Three knocks on the door, five flowers tied into a bouquet, two places set at a candle-lit table and maybe, just maybe, one goodnight kiss.

These are the ingredients for a formal date, a dying occurrence in college. Replacing the traditional mating ritual is the relatively new, more casual trend of hooking up.

A poll conducted by The Independent Women’s Forum last year reported 91 percent of women interviewed from colleges all over the country said a rampant hook-up culture exists on their campuses. The poll defined hooking up as anything from kissing to having sex with few expectations afterward.

According to most male and female students interviewed, GW is no exception.

Sophomore Shannon Arts said, while she believes relationships have their benefits, right now she is interested in having fun.

“I’m too busy now to deal with the extra stuff that goes along with relationships,” Arts said. “I want to have fun; monogamy is a good thing, but less serious is also good.”

Students said formal dates are becoming more and more rare as a culture of casual relationships sweeps the country.

“This is the only time in your life that you’re with everyone your own age,” junior Orlando Hill said. “Five years from now, we’ll all be working at companies with 50-year-olds. I think you should be young and have fun while you can.”

Freshman Katie Carguilo said most people she knows date in big groups.

“Six people will go out and two will be on a date,” Carguilo said. “It’s like the rest are there for moral support.”

Carguilo said she thinks hooking up can be dangerous, especially when someone involved becomes attached.

“People say they are just looking for fun, but they can get into things they cannot handle emotionally,” Carguilo said.

Senior Therese Lizardo said formal dates occur at GW, but hooking up is prevalent.

“On special occasions people go out on dates, but mostly people go out with big groups,” Lizardo said.

Senior Gina Nunez agreed students do go out on dates every once in a while.

“I think people sometimes do the dinner and a movies thing,” Nunez said. “If two people want to be close, they can’t spend all their time in big groups.”
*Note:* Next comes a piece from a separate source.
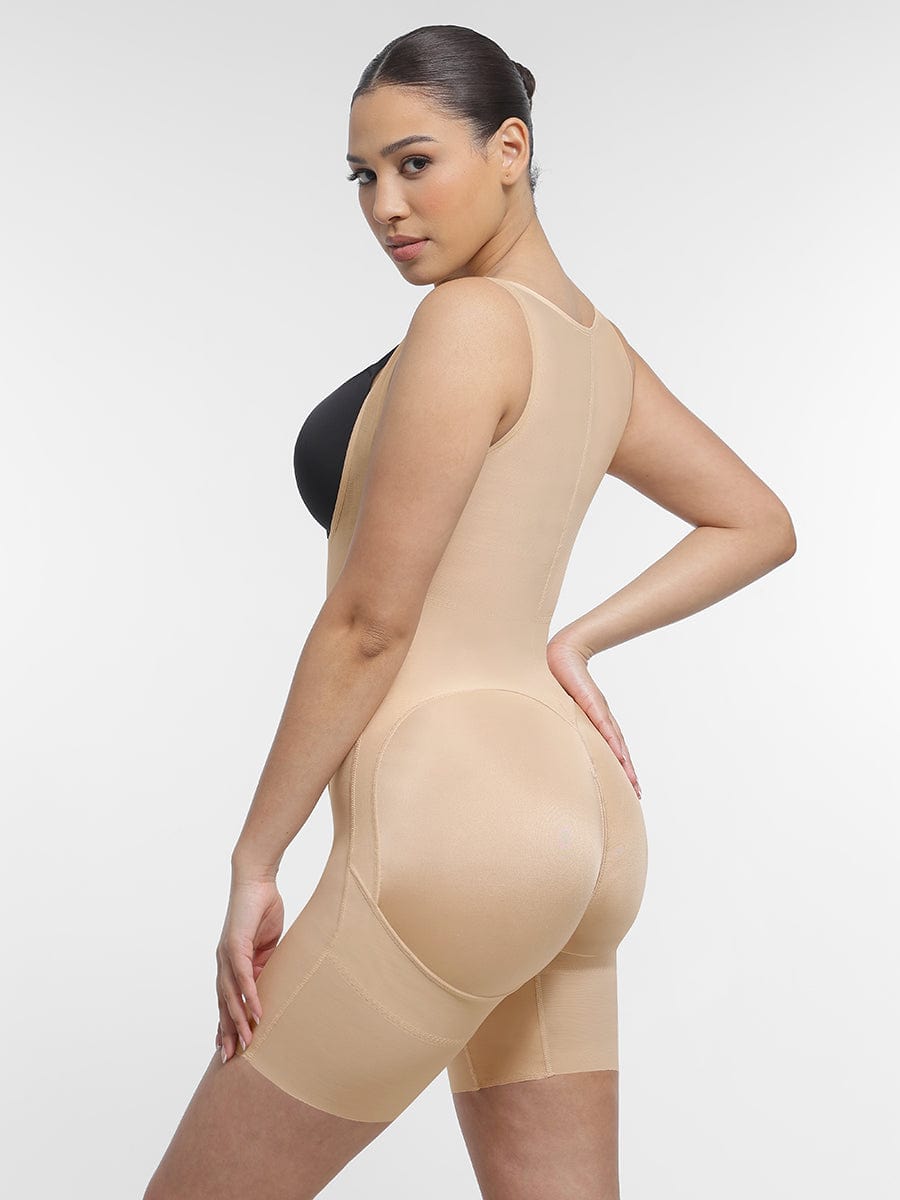 Ultimate U-Shape Support & Waist Control Full Body Shapewear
Nunez said she believes freshmen and sophomores on campus experiment with casual relationships, while older students search for more serious romances.
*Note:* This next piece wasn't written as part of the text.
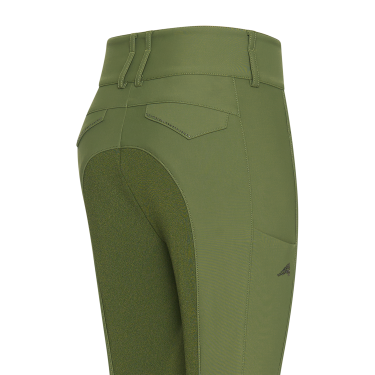 Pantalon d'équitation Euro-Star Aurelia Therma Connect Full Grip femme Pantalon d'équitation Euro-Star Aurelia Therma Connect Full Grip femme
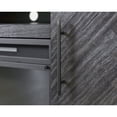 thumbnail image 3 of 80" Fireplace Console Entertainment  Fully Assembled Gray, 3 of 7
Senior Rishi Dezai disagreed that freshman are only looking for fun. “Before coming to GW I think a lot of freshman believe they are going to be involved in a serious relationship,”Dezai said. “When it does not happen right away, they start looking for ways to have fun.”

Famed by the legendary “most-promiscuous-dorm” Playboy ranking, Thurston Hall is still hook-up central, according to freshmen.

Most freshmen interviewed for this story said they would rather have an occasional fling than be part of something serious and lasting.

Freshman Mark Brown said because everyone is just getting acquainted with each other, it is hard to dive right into an exclusive commitment.

“I don’t think a relationship is possible, especially freshman year,” Brown said. “I need to go around and meet more people before I could settle into anything serious.”

An issue associated with the many incidences of hooking up in the freshman halls is the idea of “floor-cest,” or hooking up with someone on the same floor.

Most students interviewed said they do not recommend same-floor flings.

“There is so much awkwardness; it’s simply a bad idea,” Brown said.

Freshman Heather Joyce agreed jumping in the sack with a neighbor can cause problems.

“Especially a one-night stand, because it’s so rough seeing that person the next day,” Joyce said.

Students reported different causes for the disappearance of dating.

While freshman Sasha Miller said formal dates are rare in college, she prefers them. And she said she thinks most women do.

“It’s the boys,” Miller said on the reason behind growth of the hook-up culture.

Freshman Carlos Ortiz said changes in societal values could be the cause. He said the fear of rejection can also contribute to why students are not asking each other out.

Junior John Fuctola said a factor is society’s emphasis on physical appearance.

Freshman Katie Tracy gives more practical reason: “Dating can be really expensive.”